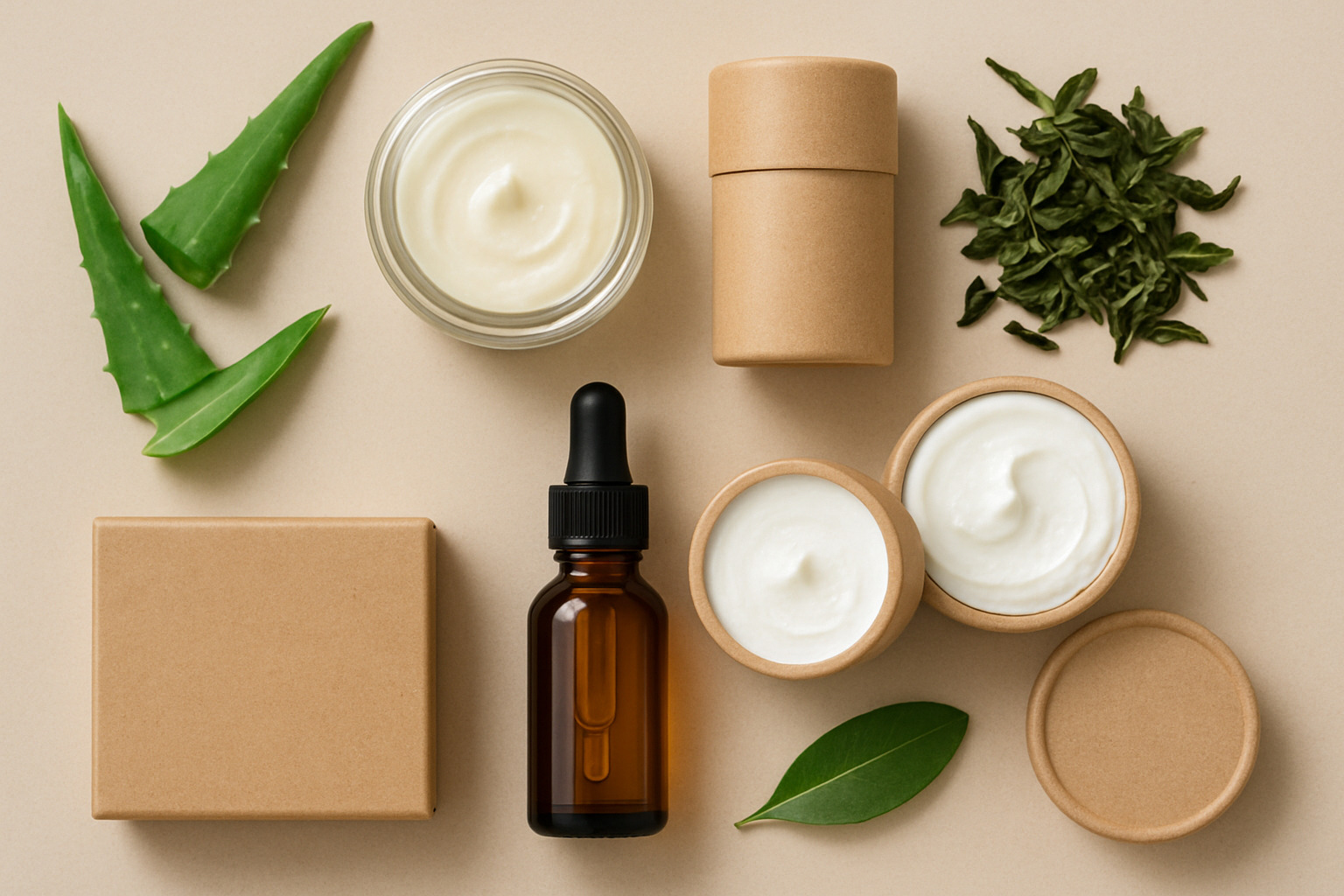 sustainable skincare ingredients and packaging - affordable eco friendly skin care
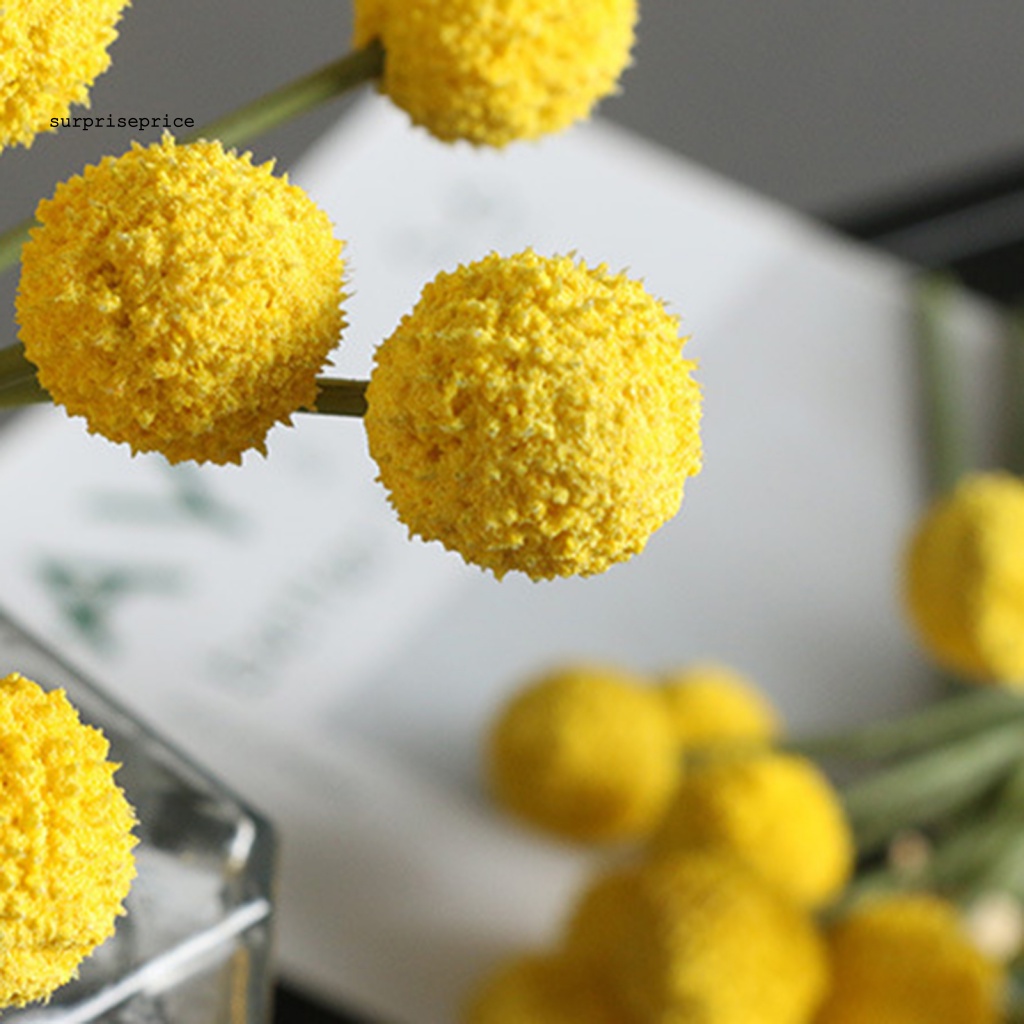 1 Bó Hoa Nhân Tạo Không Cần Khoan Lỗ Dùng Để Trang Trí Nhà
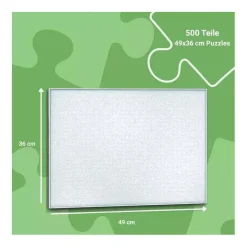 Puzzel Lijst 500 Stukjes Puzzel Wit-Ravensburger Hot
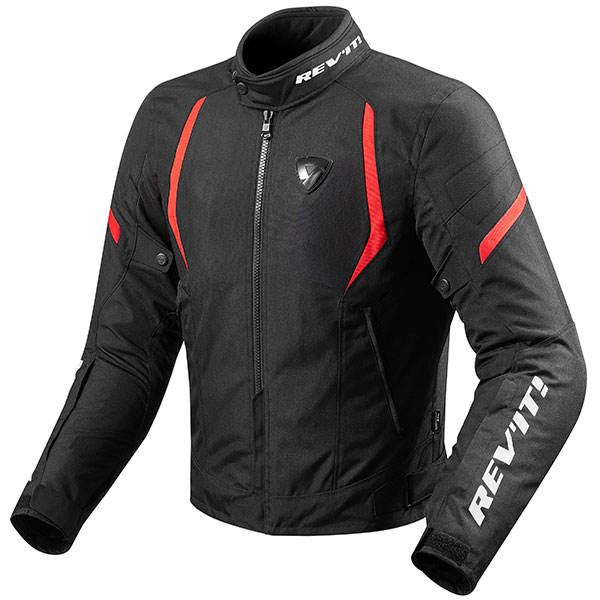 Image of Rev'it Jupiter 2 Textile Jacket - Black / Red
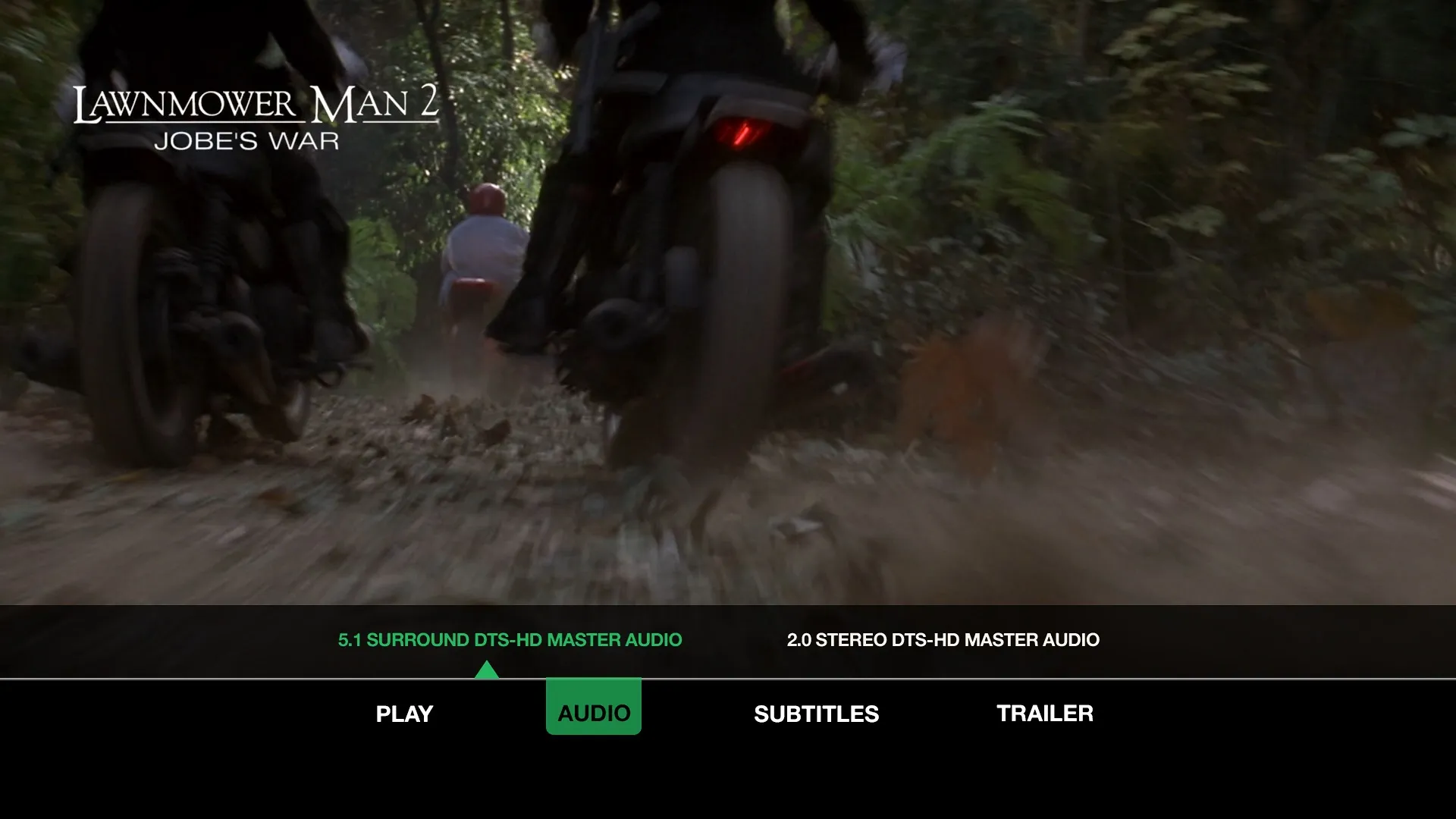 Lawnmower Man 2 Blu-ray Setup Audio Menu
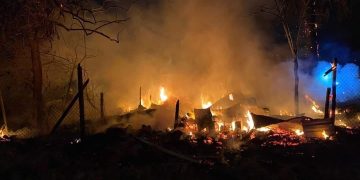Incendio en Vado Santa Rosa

**YOUR INSTRUCTIONS**
Only the lines from the one holding "Puzzel Lijst 500" through the end of the data are to be printed, exactly as they stand and with no pictures.

**RESULT OF THE TASK**
 Puzzel Lijst 500 Stukjes Puzzel Wit-Ravensburger Hot
 Image of Rev'it Jupiter 2 Textile Jacket - Black / Red
 Lawnmower Man 2 Blu-ray Setup Audio Menu
Incendio en Vado Santa Rosa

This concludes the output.